Background: The cognitive-functional composite (CFC) was designed to improve the measurement of clinically relevant changes in predementia and early dementia stages. We have previously demonstrated its good test-retest reliability and feasibility of use. The current study aimed to evaluate several quality aspects of the CFC, including construct validity, clinical relevance, and suitability for the target population.
Methods: Baseline data of the Capturing Changes in Cognition study was used: an international, prospective cohort study including participants with subjective cognitive decline (SCD), mild cognitive impairment (MCI), Alzheimer’s disease (AD) dementia, and dementia with Lewy bodies (DLB). The CFC comprises seven existing cognitive tests focusing on memory and executive functions (EF) and the informant-based Amsterdam Instrumental Activities of Daily Living Questionnaire (A-IADL-Q). Construct validity and clinical relevance were assessed by (1) confirmatory factor analyses (CFA) using all CFC subtests and (2) linear regression analyses relating the CFC score (independent) to reference measures of disease severity (dependent), correcting for age, sex, and education.

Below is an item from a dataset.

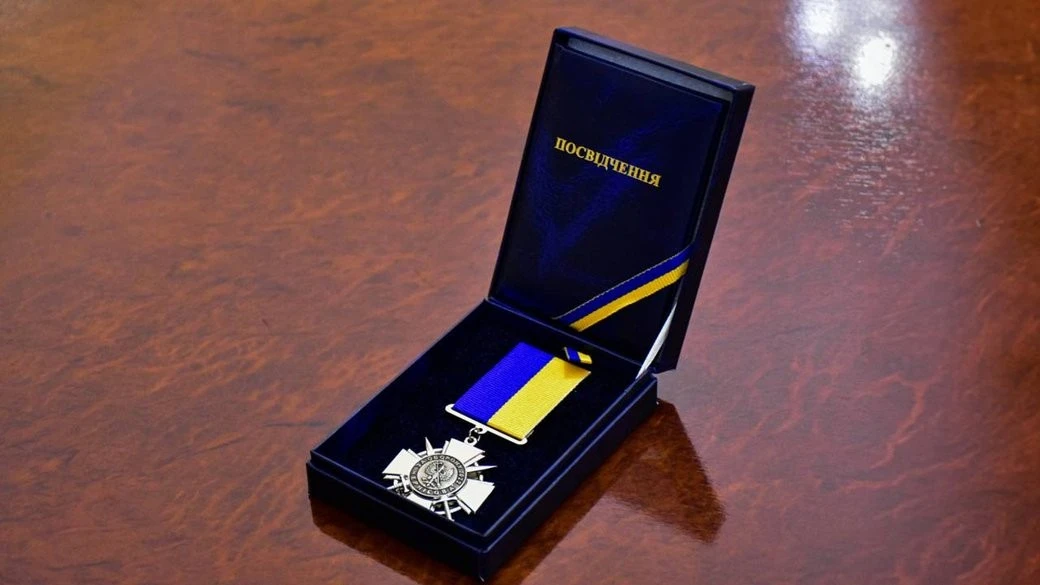 Чернігів замовляє понад півтори тисячі почесних нагород для захисників та волонтерів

To assess the suitability for the target population, we compared score distributions of the CFC to those of traditional tests (Alzheimer’s Disease Assessment Scale–Cognitive subscale, Alzheimer’s Disease Cooperative Study–Activities of Daily Living scale, and Clinical Dementia Rating scale).
Results: A total of 184 participants were included (age 71.8 ± 8.4; 42% female; n = 14 SCD, n = 80 MCI, n = 78 AD, and n = 12 DLB). CFA showed that the hypothesized three-factor model (memory, EF, and IADL) had adequate fit (CFI = .931, RMSEA = .091, SRMR = .06). Moreover, worse CFC performance was associated with more cognitive decline as reported by the informant (β = .61, p < .001), poorer quality of life (β = .51, p < .001), higher caregiver burden (β = − .51, p < .001), more apathy (β = − .36, p < .001), and less cortical volume (β = .34, p = .02). Whilst correlations between the CFC and traditional measures were moderate to strong (ranging from − .65 to .83, all p < .001), histograms showed floor and ceiling effects for the traditional tests as compared to the CFC.
Conclusions: Our findings illustrate that the CFC has good construct validity, captures clinically relevant aspects of disease severity, and shows no range restrictions in scoring. It therefore provides a more useful outcome measure than traditional tests to evaluate cognition and function in MCI and mild AD.